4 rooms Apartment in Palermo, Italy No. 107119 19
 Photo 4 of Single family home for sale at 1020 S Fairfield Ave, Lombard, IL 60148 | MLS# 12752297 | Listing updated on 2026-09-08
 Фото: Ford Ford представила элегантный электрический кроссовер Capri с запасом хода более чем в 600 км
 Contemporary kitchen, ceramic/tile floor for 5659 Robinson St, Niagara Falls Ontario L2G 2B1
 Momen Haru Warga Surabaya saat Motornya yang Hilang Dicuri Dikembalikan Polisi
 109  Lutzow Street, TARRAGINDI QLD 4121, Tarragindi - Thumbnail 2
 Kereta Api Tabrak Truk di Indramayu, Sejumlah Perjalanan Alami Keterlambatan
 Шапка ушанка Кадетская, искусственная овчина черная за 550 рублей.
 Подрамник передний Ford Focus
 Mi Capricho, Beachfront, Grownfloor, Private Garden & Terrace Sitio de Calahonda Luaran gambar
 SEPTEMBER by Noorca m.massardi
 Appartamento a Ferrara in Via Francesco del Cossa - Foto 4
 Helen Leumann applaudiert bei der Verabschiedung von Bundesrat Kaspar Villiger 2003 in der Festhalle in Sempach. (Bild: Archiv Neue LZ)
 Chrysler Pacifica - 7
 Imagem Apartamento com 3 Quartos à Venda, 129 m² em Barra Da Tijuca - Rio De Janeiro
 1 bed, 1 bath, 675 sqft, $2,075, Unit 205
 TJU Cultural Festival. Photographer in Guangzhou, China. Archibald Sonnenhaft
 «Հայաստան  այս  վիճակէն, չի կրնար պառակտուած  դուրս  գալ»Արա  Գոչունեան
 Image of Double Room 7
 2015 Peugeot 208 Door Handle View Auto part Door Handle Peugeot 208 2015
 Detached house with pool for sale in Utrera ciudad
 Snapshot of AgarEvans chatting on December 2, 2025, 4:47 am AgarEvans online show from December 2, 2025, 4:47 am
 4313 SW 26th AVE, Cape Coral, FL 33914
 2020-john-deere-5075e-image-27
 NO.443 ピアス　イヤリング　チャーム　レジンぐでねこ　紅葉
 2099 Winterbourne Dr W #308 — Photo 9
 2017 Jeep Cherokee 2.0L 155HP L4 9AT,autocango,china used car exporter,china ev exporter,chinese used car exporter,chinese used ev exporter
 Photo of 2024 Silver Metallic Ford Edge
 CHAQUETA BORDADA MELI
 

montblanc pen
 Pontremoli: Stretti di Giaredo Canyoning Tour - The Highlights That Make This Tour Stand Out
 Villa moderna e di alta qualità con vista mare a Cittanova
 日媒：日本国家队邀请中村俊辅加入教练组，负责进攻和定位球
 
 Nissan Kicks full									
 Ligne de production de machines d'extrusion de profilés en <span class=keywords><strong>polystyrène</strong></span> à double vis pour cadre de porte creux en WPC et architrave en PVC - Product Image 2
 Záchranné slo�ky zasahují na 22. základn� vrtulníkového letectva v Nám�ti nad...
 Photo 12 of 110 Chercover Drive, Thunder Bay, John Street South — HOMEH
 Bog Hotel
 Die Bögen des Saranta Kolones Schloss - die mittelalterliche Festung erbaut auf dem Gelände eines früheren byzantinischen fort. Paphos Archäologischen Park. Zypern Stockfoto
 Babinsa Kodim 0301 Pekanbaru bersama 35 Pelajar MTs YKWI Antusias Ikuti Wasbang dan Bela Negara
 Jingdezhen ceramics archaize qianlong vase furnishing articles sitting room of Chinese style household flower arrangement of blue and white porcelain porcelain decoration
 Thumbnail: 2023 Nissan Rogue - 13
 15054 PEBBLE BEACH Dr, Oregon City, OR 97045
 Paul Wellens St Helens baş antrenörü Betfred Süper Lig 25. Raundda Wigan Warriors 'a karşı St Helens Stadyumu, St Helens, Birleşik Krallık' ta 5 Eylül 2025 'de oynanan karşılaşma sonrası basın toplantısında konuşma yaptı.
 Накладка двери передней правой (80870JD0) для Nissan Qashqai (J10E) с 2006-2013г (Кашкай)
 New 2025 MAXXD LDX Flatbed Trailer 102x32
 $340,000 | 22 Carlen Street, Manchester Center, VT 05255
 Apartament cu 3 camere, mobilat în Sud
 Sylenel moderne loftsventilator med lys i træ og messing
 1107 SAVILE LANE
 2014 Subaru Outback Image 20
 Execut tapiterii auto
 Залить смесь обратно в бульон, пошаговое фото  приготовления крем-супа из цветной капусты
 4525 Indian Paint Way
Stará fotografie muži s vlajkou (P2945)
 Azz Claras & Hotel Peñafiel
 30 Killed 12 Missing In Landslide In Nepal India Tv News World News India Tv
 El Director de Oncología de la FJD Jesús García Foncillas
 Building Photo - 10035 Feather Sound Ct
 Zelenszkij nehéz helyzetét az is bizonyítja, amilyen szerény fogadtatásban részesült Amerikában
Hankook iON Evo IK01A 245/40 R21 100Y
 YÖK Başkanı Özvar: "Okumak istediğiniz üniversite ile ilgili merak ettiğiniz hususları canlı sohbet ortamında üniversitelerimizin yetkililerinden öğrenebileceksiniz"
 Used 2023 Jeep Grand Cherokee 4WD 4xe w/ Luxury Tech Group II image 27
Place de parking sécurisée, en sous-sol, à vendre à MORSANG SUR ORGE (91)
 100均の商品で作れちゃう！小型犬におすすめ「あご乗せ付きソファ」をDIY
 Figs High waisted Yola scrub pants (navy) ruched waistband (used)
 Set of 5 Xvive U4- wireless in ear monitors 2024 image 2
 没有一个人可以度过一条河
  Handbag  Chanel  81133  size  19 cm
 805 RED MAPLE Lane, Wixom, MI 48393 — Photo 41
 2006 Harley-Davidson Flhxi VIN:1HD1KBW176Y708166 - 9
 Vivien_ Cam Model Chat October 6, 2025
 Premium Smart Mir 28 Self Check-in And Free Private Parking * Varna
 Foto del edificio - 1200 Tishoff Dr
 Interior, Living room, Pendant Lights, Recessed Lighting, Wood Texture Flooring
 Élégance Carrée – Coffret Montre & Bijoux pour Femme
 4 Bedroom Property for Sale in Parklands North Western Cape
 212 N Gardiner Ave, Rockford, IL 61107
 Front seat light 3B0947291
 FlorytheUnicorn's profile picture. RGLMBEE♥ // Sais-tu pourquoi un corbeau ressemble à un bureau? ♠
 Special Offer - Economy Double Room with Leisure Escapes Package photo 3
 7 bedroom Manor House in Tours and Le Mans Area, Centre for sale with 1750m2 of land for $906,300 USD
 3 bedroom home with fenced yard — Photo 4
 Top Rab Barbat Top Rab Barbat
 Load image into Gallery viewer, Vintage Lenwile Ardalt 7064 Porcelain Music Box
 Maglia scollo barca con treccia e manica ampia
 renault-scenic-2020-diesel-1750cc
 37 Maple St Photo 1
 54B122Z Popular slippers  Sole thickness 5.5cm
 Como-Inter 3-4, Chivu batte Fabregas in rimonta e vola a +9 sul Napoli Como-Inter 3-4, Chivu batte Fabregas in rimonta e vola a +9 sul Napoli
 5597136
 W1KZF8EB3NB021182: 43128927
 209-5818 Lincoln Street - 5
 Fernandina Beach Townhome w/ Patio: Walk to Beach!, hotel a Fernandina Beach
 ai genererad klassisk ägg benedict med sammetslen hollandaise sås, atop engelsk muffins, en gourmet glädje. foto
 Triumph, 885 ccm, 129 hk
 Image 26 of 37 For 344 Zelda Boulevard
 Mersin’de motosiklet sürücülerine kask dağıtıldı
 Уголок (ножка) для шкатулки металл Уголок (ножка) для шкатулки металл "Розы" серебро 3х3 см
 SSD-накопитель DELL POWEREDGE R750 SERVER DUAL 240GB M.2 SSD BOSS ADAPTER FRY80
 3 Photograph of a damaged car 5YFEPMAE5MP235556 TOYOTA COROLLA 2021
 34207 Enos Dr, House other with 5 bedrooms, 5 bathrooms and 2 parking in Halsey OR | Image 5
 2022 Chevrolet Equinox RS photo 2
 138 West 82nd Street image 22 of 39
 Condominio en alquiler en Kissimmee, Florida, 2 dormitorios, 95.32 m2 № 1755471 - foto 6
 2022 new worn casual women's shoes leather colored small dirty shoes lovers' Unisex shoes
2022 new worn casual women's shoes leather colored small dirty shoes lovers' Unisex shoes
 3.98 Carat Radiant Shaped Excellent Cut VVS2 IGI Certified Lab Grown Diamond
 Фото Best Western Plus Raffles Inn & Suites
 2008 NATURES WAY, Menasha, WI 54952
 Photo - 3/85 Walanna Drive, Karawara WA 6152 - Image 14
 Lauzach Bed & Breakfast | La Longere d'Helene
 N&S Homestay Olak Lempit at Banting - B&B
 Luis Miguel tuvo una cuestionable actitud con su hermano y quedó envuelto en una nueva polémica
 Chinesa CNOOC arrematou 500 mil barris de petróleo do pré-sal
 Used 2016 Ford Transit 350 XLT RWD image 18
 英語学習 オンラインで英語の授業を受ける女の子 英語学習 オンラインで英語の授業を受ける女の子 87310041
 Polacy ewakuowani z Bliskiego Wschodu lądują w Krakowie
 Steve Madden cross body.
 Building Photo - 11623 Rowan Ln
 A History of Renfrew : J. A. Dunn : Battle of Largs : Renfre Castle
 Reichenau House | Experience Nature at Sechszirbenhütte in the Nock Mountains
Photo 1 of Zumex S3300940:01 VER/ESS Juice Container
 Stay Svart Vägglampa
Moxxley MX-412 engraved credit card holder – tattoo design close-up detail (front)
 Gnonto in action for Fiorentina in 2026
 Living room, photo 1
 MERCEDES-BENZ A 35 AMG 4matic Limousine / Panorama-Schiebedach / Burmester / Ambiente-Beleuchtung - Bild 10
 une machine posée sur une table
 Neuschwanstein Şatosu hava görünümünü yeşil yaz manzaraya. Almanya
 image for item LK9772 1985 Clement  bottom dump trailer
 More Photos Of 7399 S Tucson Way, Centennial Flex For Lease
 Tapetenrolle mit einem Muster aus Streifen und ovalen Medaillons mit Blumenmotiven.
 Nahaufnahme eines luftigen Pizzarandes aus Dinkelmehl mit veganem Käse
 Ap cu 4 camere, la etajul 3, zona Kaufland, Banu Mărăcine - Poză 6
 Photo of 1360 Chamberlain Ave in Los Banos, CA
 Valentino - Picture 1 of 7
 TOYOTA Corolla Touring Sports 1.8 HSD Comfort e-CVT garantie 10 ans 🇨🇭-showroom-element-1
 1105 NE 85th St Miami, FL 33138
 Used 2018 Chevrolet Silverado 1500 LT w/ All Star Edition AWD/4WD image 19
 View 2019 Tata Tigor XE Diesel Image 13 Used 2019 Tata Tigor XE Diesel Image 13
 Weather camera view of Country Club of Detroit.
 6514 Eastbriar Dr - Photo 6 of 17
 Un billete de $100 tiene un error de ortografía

# # # # #

PROBLEM STATEMENT: Starting with the first line of the records above, give back each line exactly until the line with "Contemporary kitchen, ceramic/tile" has been given as well.

SOLVED EXERCISE:
4 rooms Apartment in Palermo, Italy No. 107119 19
 Photo 4 of Single family home for sale at 1020 S Fairfield Ave, Lombard, IL 60148 | MLS# 12752297 | Listing updated on 2026-09-08
 Фото: Ford Ford представила элегантный электрический кроссовер Capri с запасом хода более чем в 600 км
 Contemporary kitchen, ceramic/tile floor for 5659 Robinson St, Niagara Falls Ontario L2G 2B1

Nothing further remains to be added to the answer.